◆ REQUIRED WORK:
Copy exactly the lines from the line holding "Novus Candle Warmer" through the end of the material, and no others; pictures stay out.

"""

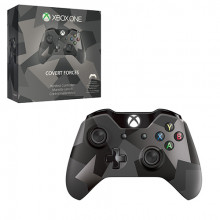 Xbox One Controller Wireless Covert Camo Limited Edition Microsoft - Xbox One. For Xbox One Controller - Wireless - Covert Camo - Limited Edition (Microsoft)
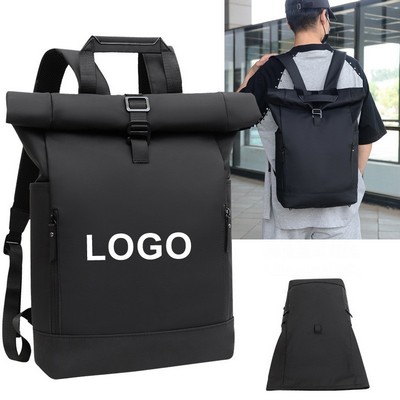 Roll Up Waterproof Backpack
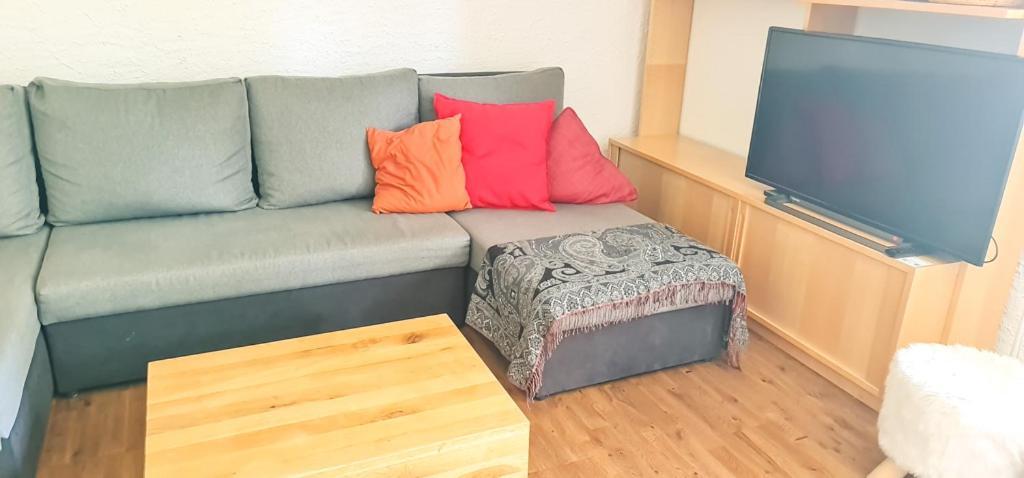 Apartamento Bussalp - Aare Jungfrau Ag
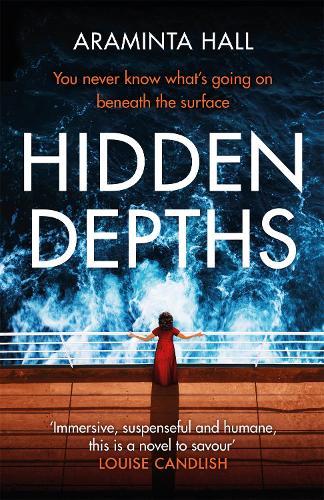 Бумажная книга «Hidden Depths: An absolutely gripping page-turner», автор Араминта Холл - фото №1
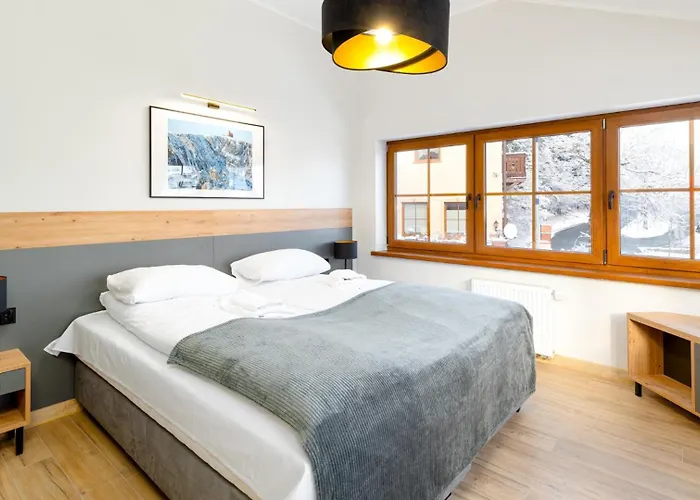 Wonder - Karkonosz Blisko Wyciagow Narciarskich, Szlakow I Restauracji Karpacz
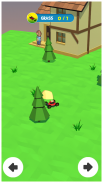 Lawn Mower Simulator screenshot 0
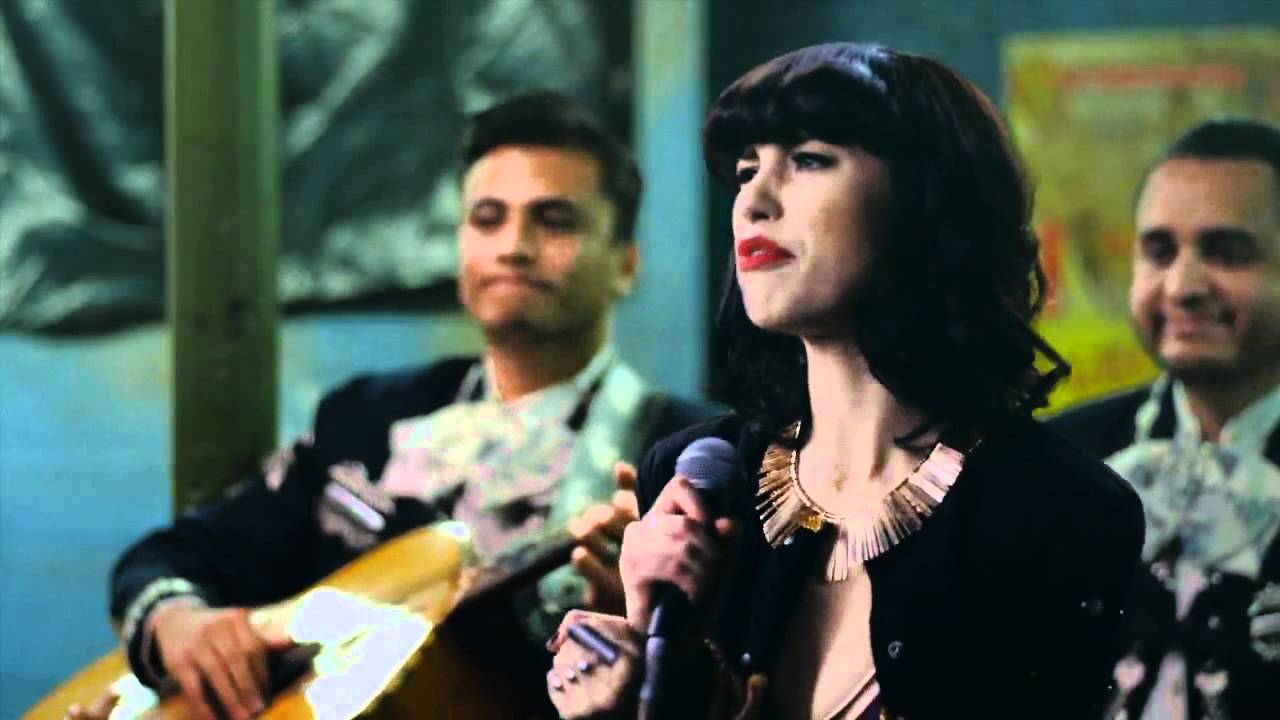 NEW!!! Warrior Video HD- Mark Foster, A-Trak, and Kimbra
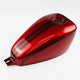 COVER FUEL OIL TANK RED V.9 FOR HONDA REBEL CMX 300&500 2017-2025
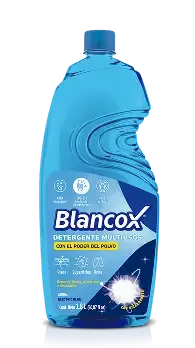 Detergente multiusos con el poder del polvo 1.8L en botella con bicarbonato
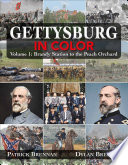 Gettysburg in color.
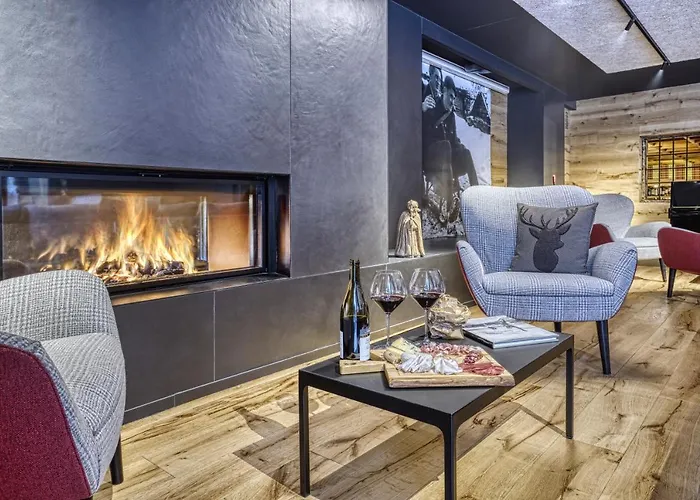 Hotel Sant'Orso - Mountain Lodge & Spa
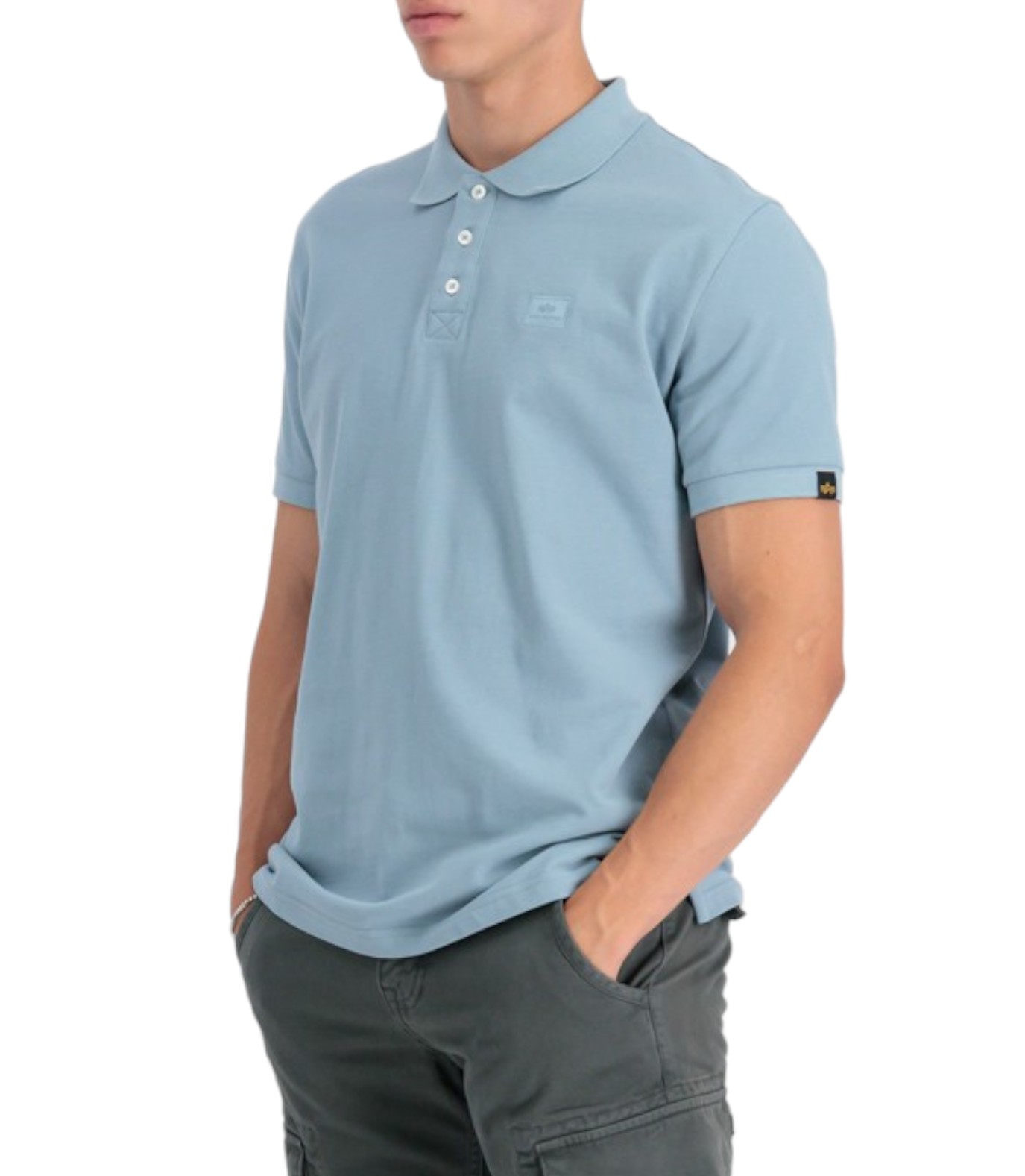 ALPHA INDUSTRIES POLO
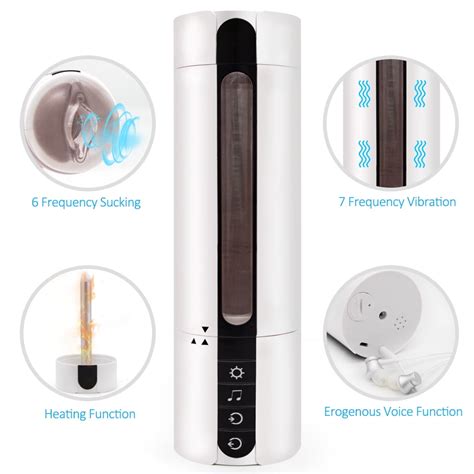 Electric Male Masturbators Electric Pocket Pussy Vagina Men S Silicone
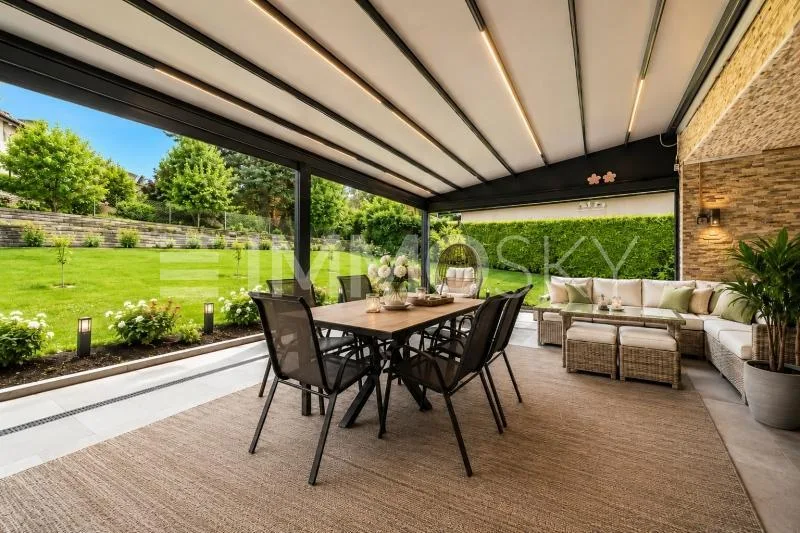 Cugy : spacieuse maison individuelle 7 pces rénovée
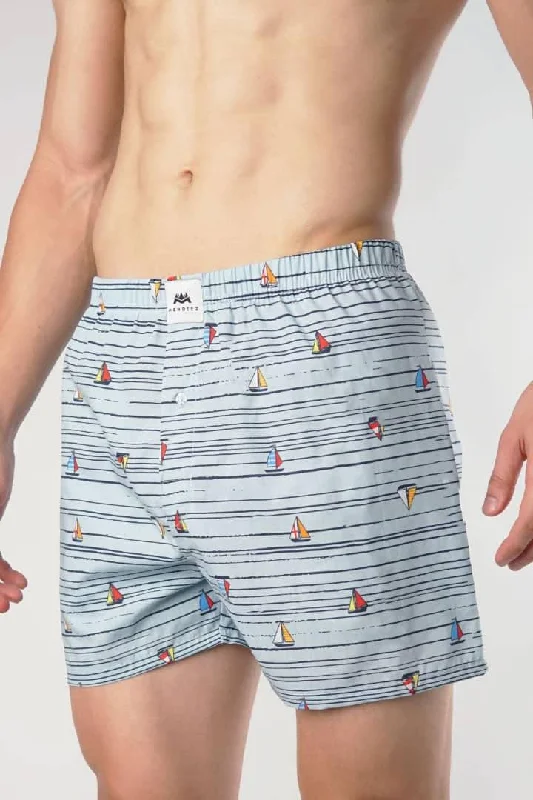 Men's Dress Pants for Special EventsVoyage Woven Boxer Shorts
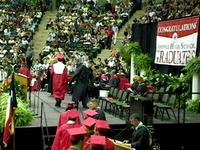 Ellen graduates from Coppell High School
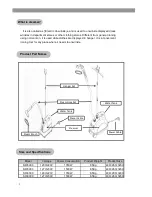 Preview for 2 page of Silver Star SR-5000 User Manual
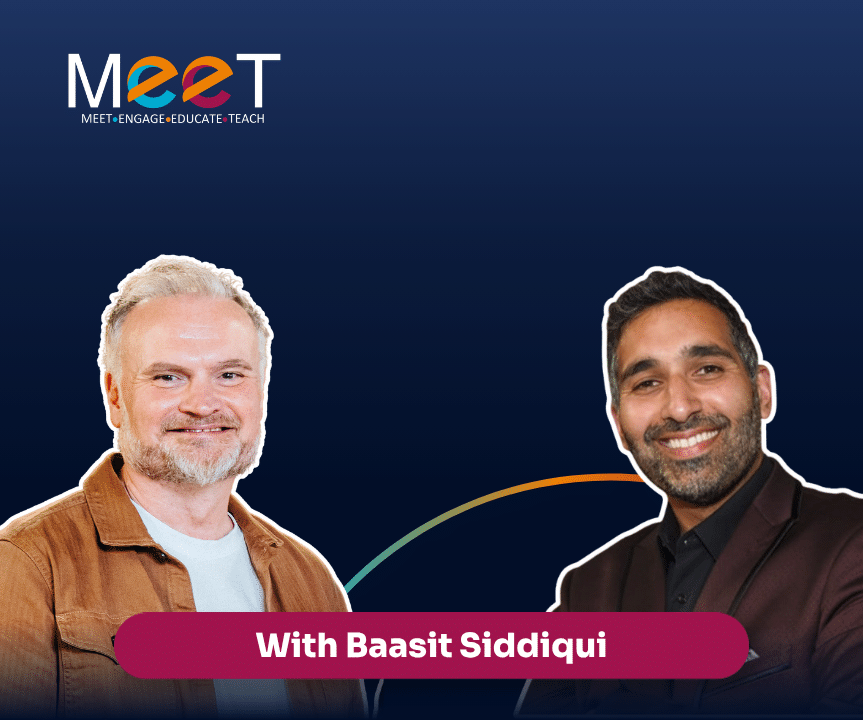 Baasit Siddiqui and Chris Interview thumbnail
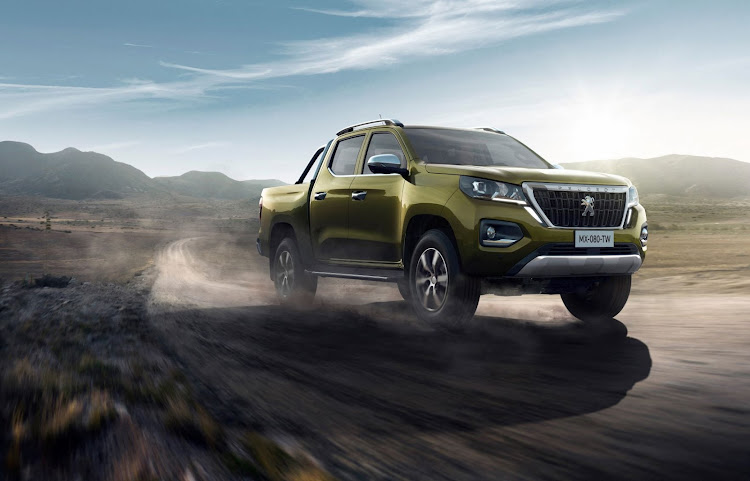 The Peugeot Landtrek will be built for South Africa and export at a new factory in Coega.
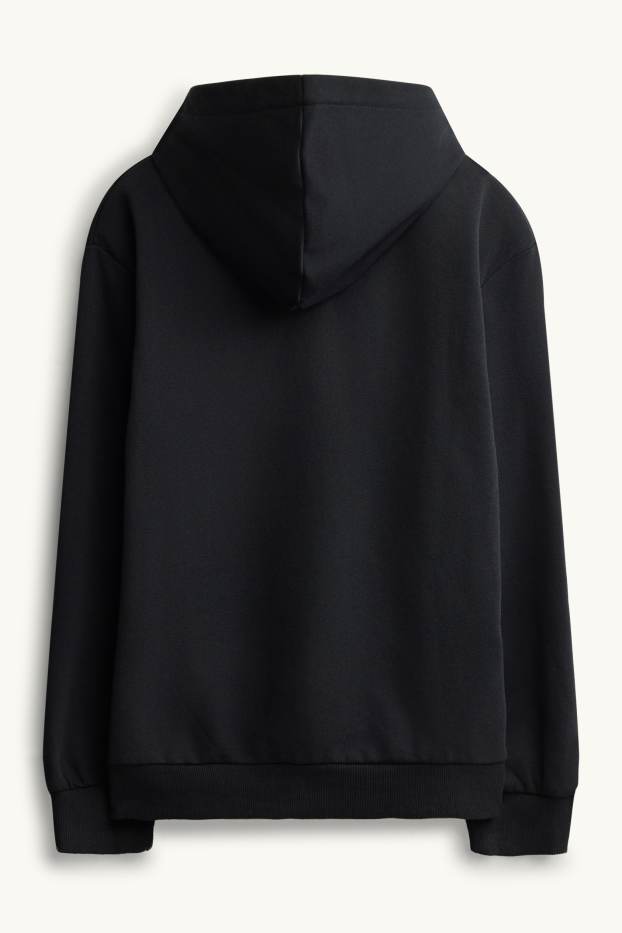 Enfants garçons - Sweat - noir / turquoise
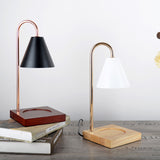 Novus Candle Warmer Lamp - Novus Decor Lighting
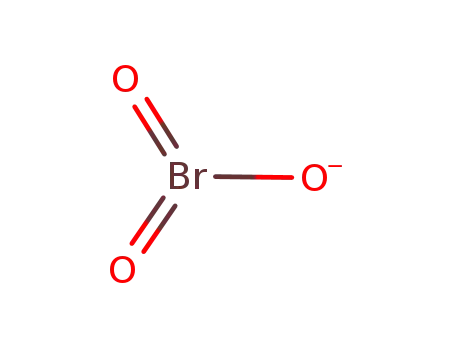Molecular Structure of 15541-45-4 (BROMATE)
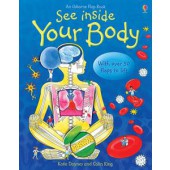 See Inside Your Body Usborne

"""

◆ WRITTEN RESPONSE:
 Novus Candle Warmer Lamp - Novus Decor Lighting
Molecular Structure of 15541-45-4 (BROMATE)
 See Inside Your Body Usborne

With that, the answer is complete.